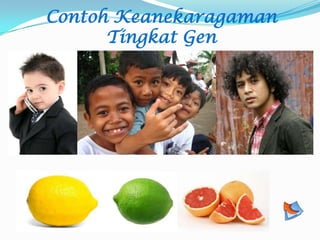 Contoh Keanekaragaman
Tingkat Gen
 
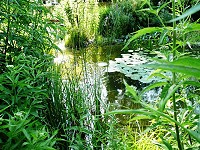 Wunderbar klarer Teich - Pflanzen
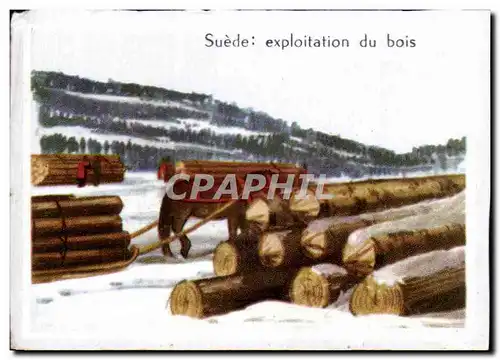 Image Suede exploitation du bois Sweden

● Work instructions
Please retype the listing above word for word, skipping each picture.

● Response below
 Contoh Keanekaragaman
Tingkat Gen
 
 Wunderbar klarer Teich - Pflanzen
 Image Suede exploitation du bois Sweden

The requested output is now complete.